Lu Mi calmly told Green: “In this city, my power is also restricted—I’m no better off than you.”
Green smiled and explained:
“I know. I only want to use your divinity—even if it’s limited, it’s still divinity.
“Once you make Li Keji pregnant, the hospital’s obstetrics department will provide reproductive technology and extraordinary power support—you can have the child born within four weeks.”
Of course… Mu Shu Hospital’s obstetrics ward is one of the Great Mother’s symbols in this dream… it’s already been somewhat polluted, with multiple medical staff having become the Mother’s children…
If every hospital’s obstetrics ward in the Dream City gradually became fully corrupted over time, and the issue remained unexposed, does that mean all newborns in the Dream City will become the Mother’s children?
Generation after generation, everyone in the Dream City will be the Mother’s child… and in the end, whether it’s the Fool or the Heavenly Sovereign who awakens, they will both bear the identity of the Great Mother’s child—in a metaphysical sense?
The more Lu Mi thought about it, the more unnerved he became.
This was a slow, insidious influence—a frog slowly boiled alive. Given enough time, the Great Mother would inevitably achieve her goal.
Of course, this assumes that the Fool and the Heavenly Sovereign failed to mount an effective resistance, and this dream endured for at least five generations—centuries.

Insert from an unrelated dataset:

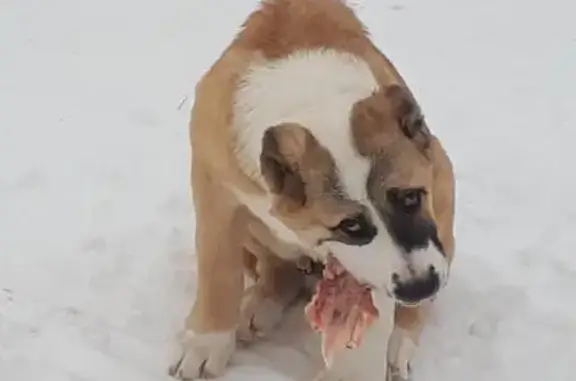 Пропала собака породы Алабай на улице Академической в Смоленске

These great beings are no fools… Lu Mi sighed, then gave a slight nod to Green:
“Alright.”
Green beamed, speaking in a prayerful tone:
“May the Radiance of Motherhood endure forever!”
He stepped closer to the ward’s iron door, peering through the small window barred by iron grilles; Lu Mi took two steps forward as well.
Before them stood a broad, muscular back clad in a blue-and-white striped patient gown.
The figure crouched in the corner, fiddling with something.
As Lu Mi’s gaze shifted, he noticed several mushrooms growing where the wall met the floor—brown caps, white stems, glistening as if freshly transplanted from a rain-drenched forest.
Thud. Lu Mi slapped the iron door. Green immediately stepped aside, letting him take the window.
Hearing the knock, the figure rose and darted to the door, revealing a face thick with beard—Li Keji, the biology teacher from Star Tutoring, the real-world “Legendary Druid,” Frank Li.
Lu Mi could see the Fool’s subconscious had localized Li Keji’s image—he wasn’t cast as a foreign teacher, so his eyes were dark brown, his facial contours softer.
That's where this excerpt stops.